Pickleball is the perfect sport for ‘sociable’ newcomers in the UK 

The USA’s fastest growing sport is catching on here too. 

Pickleball, which originated on a badminton court with table tennis paddles in 1965, has graduated from a social activity into a competitive racket sport. 

When Pickleball England was formed in 2019, there were around 2,000 casual players in the UK. Now, there are over 6,000 registered players and 15,000-20,000 people actively playing.  

The Chair of Pickleball England, Karen Mitchell, said: “It is definitely getting to a tipping point where it just becomes a rolling stone that gathers lots of pace and gets bigger and bigger. 

“I would say one of the nicest things about pickleball is how its intergenerational, with people of all ages socialising together.” 

With the average age of registered players in England dropping from 70 to 50, the sport is clearly attracting an increasingly younger crowd.  

It’s a close relative to another fast growing sport – padel tennis – and to the naked eye, it looks incredibly similar. Is there a danger they’ll take new players away from each other? Mitchell claims there are a few strings to pickleball’s paddle that set it aside from padel. 

For example a pickleball newbie books onto a club session with up to 24 other people, and so it’s all organised for them, with ample opportunity to socialise while playing. 

Mitchell goes on to explain that with padel you need to book your own court and find three other people, which can be quite daunting for newcomers. As Mitchell said: “The social aspect in pickleball is far greater than for padel.” 

According to Mitchell, pickleball’s greatest obstacle is finding permanent homes: “Space availability and time slots are a key issue, but the great thing about pickleball is that it can be played anywhere.” 

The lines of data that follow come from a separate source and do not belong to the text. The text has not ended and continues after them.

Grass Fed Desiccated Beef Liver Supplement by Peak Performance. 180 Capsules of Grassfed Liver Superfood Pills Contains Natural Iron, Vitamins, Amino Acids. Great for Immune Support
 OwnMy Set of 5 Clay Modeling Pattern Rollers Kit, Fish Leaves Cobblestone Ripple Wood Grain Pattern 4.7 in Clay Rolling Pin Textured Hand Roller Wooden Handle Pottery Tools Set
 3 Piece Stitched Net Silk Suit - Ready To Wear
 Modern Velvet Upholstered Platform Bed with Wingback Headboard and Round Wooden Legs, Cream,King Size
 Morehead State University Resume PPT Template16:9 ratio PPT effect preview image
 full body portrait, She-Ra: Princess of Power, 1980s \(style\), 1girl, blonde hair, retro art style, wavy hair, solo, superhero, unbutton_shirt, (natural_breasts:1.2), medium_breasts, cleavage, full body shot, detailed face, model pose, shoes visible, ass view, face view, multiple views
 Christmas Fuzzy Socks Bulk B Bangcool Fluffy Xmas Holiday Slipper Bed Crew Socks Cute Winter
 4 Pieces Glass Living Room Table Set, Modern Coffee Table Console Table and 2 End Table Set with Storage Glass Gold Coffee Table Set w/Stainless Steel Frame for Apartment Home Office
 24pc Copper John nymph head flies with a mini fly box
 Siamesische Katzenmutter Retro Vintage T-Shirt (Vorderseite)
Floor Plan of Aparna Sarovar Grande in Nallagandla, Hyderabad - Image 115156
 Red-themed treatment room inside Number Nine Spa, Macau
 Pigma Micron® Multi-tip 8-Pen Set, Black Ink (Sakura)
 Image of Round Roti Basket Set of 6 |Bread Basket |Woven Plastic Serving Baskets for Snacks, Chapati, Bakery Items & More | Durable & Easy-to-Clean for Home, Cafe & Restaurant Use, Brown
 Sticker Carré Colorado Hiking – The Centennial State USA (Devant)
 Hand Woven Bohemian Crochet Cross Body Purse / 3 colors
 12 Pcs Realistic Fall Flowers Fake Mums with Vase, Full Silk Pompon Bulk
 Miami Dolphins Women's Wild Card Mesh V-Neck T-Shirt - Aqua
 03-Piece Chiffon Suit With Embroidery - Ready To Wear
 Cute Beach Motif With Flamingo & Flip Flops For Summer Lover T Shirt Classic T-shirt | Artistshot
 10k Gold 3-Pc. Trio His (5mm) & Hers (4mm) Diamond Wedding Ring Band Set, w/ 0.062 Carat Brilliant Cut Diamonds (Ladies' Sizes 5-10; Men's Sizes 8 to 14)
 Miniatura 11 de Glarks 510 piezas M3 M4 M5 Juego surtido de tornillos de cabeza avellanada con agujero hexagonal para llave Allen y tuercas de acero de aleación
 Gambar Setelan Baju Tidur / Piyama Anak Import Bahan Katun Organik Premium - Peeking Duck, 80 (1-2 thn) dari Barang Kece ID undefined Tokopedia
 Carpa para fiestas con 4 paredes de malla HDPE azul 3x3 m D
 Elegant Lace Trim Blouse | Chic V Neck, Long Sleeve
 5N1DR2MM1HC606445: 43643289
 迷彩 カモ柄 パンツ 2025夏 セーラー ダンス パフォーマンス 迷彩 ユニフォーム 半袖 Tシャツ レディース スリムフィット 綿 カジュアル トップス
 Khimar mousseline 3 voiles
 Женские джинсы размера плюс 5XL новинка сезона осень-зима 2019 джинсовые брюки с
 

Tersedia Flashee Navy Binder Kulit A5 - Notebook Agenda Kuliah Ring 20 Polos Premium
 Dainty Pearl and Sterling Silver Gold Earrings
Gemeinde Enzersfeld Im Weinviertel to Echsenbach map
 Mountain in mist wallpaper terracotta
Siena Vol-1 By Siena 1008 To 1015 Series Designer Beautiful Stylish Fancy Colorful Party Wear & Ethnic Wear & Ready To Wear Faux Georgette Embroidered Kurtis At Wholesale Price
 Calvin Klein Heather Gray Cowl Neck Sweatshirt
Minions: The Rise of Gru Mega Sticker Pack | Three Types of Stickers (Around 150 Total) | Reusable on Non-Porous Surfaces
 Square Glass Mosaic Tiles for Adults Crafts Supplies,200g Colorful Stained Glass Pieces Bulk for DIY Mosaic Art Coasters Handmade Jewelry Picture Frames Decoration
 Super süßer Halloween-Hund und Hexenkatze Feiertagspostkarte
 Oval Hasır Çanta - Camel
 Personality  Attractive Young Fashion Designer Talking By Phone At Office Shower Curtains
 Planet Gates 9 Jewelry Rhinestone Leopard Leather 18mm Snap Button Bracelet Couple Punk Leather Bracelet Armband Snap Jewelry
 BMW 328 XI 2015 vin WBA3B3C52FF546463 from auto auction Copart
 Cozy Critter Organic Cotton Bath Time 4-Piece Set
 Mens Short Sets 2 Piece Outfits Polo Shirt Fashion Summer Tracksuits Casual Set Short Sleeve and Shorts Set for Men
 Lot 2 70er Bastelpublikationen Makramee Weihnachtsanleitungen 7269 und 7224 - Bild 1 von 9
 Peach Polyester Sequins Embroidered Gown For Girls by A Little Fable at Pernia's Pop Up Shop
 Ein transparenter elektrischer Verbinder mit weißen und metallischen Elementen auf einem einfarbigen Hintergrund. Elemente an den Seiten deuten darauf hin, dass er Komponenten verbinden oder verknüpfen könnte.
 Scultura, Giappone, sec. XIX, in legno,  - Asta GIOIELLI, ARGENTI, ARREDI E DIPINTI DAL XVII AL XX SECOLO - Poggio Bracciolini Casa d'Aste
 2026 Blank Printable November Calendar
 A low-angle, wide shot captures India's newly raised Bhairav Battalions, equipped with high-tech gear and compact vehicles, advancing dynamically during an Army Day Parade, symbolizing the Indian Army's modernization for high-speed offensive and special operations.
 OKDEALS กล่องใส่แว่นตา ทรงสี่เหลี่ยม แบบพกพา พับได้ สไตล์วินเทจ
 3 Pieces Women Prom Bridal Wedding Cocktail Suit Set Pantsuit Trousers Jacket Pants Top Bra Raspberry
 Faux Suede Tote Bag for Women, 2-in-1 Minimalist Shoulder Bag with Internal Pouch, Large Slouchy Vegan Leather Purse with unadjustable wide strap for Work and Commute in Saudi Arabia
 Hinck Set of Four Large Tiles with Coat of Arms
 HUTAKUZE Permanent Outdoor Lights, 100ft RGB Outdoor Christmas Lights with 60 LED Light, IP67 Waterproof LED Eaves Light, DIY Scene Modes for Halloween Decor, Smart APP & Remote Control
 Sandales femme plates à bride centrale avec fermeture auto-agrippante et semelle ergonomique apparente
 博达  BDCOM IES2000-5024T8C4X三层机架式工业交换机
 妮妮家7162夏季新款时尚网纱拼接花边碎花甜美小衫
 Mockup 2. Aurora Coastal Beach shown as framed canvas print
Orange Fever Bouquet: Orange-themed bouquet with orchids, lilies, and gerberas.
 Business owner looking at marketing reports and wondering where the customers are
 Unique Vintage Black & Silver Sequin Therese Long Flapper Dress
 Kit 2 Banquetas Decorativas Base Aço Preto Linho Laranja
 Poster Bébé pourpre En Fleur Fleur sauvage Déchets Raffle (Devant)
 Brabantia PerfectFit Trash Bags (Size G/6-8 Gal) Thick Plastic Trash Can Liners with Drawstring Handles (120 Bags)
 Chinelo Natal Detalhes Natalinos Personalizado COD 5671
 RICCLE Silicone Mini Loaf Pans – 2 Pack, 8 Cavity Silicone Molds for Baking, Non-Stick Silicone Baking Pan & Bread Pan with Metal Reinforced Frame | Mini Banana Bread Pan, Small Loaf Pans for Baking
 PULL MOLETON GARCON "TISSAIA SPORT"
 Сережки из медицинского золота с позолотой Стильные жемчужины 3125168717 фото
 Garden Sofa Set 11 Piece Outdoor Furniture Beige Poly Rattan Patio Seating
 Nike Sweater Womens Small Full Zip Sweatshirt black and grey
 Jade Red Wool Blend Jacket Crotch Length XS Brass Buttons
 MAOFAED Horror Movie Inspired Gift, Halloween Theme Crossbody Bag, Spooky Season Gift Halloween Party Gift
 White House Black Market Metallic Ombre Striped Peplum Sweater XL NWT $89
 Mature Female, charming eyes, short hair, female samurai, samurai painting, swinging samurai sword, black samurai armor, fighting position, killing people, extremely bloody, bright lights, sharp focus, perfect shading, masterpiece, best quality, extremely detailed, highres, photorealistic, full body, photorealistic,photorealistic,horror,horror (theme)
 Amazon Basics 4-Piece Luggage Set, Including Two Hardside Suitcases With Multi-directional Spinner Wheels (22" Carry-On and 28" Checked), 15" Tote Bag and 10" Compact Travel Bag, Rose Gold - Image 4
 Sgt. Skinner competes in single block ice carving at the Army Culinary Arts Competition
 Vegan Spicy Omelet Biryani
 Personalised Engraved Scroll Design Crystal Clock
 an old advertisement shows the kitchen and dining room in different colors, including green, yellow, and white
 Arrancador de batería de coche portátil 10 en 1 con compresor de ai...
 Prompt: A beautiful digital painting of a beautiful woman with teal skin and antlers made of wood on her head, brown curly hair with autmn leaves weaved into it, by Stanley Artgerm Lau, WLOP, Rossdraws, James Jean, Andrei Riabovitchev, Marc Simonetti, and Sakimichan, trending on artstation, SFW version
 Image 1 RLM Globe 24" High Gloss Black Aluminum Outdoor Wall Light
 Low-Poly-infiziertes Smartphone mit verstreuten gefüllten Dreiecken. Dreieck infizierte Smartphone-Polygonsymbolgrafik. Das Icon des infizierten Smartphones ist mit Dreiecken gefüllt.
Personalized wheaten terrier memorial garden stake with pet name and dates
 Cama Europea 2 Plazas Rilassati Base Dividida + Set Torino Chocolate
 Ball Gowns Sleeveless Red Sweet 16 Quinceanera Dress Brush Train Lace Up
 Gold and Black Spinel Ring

Sessions often take place in the day, when there is court availability at tennis centres, for example. This is one of the reasons why the sport attracts an older audience, as they’re more likely to be available to play. 

Over the coming years, Mitchell sees the sport continuing to be housed at leisure and tennis centres, but also having their own specific pickleball centres.  

The sport boomed after the English Open in Telford and a local enthusiast there built a three-court centre in a converted warehouse with demand outweighing availability.

Greater Manchester is one area to have seen a real upturn in those picking up a paddle. Mitchell said: “20% of registered players in the north west are in Greater Manchester. It’s the biggest area in the northwest and it shouldn’t be a surprise.” 

The popularity of pickleball in Greater Manchester is evident in the many available venues and was a decisive factor in why the English Nationals have been held at Bolton Arena for the past two years. 

The Nationals last October saw almost 700 people register to play at the event on 24 courts. 

Pickleball England is now looking for a bigger venue, as the sport continues its meteoric rise.